Dataset records:
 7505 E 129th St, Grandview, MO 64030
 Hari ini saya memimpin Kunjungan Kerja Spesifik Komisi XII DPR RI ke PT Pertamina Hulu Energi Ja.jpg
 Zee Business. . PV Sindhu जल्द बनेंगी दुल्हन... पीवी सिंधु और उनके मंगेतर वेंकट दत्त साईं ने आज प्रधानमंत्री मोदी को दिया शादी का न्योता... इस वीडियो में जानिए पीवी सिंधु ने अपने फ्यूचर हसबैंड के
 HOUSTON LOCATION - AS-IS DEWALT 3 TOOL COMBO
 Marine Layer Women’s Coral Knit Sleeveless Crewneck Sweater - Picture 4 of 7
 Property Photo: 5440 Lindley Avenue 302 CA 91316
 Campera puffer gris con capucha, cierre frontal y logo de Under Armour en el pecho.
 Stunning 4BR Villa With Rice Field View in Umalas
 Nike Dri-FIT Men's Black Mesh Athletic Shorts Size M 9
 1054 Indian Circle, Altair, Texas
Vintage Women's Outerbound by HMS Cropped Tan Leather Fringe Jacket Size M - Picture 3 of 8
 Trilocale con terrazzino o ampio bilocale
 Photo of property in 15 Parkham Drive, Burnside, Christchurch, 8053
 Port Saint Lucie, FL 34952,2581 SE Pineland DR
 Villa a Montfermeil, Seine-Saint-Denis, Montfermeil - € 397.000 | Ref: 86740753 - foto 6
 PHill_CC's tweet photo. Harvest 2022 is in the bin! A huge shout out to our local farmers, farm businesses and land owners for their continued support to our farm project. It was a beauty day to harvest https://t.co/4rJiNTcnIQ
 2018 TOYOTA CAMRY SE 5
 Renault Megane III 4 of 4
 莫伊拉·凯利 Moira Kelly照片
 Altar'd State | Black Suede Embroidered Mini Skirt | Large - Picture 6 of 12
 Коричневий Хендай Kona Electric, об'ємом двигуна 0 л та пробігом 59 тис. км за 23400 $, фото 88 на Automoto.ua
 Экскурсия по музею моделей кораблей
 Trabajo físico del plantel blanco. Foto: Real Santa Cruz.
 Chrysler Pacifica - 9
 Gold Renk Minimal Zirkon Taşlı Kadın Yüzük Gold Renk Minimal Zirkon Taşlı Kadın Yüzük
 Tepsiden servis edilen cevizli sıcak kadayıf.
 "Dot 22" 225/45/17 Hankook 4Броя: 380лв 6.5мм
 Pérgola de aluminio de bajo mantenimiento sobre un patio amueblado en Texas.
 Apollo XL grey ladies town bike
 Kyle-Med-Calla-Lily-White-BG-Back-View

Task to carry out:
In full and word for word, write out the data above.

Solved exercise:
 7505 E 129th St, Grandview, MO 64030
 Hari ini saya memimpin Kunjungan Kerja Spesifik Komisi XII DPR RI ke PT Pertamina Hulu Energi Ja.jpg
 Zee Business. . PV Sindhu जल्द बनेंगी दुल्हन... पीवी सिंधु और उनके मंगेतर वेंकट दत्त साईं ने आज प्रधानमंत्री मोदी को दिया शादी का न्योता... इस वीडियो में जानिए पीवी सिंधु ने अपने फ्यूचर हसबैंड के
 HOUSTON LOCATION - AS-IS DEWALT 3 TOOL COMBO
 Marine Layer Women’s Coral Knit Sleeveless Crewneck Sweater - Picture 4 of 7
 Property Photo: 5440 Lindley Avenue 302 CA 91316
 Campera puffer gris con capucha, cierre frontal y logo de Under Armour en el pecho.
 Stunning 4BR Villa With Rice Field View in Umalas
 Nike Dri-FIT Men's Black Mesh Athletic Shorts Size M 9
 1054 Indian Circle, Altair, Texas
Vintage Women's Outerbound by HMS Cropped Tan Leather Fringe Jacket Size M - Picture 3 of 8
 Trilocale con terrazzino o ampio bilocale
 Photo of property in 15 Parkham Drive, Burnside, Christchurch, 8053
 Port Saint Lucie, FL 34952,2581 SE Pineland DR
 Villa a Montfermeil, Seine-Saint-Denis, Montfermeil - € 397.000 | Ref: 86740753 - foto 6
 PHill_CC's tweet photo. Harvest 2022 is in the bin! A huge shout out to our local farmers, farm businesses and land owners for their continued support to our farm project. It was a beauty day to harvest https://t.co/4rJiNTcnIQ
 2018 TOYOTA CAMRY SE 5
 Renault Megane III 4 of 4
 莫伊拉·凯利 Moira Kelly照片
 Altar'd State | Black Suede Embroidered Mini Skirt | Large - Picture 6 of 12
 Коричневий Хендай Kona Electric, об'ємом двигуна 0 л та пробігом 59 тис. км за 23400 $, фото 88 на Automoto.ua
 Экскурсия по музею моделей кораблей
 Trabajo físico del plantel blanco. Foto: Real Santa Cruz.
 Chrysler Pacifica - 9
 Gold Renk Minimal Zirkon Taşlı Kadın Yüzük Gold Renk Minimal Zirkon Taşlı Kadın Yüzük
 Tepsiden servis edilen cevizli sıcak kadayıf.
 "Dot 22" 225/45/17 Hankook 4Броя: 380лв 6.5мм
 Pérgola de aluminio de bajo mantenimiento sobre un patio amueblado en Texas.
 Apollo XL grey ladies town bike
 Kyle-Med-Calla-Lily-White-BG-Back-View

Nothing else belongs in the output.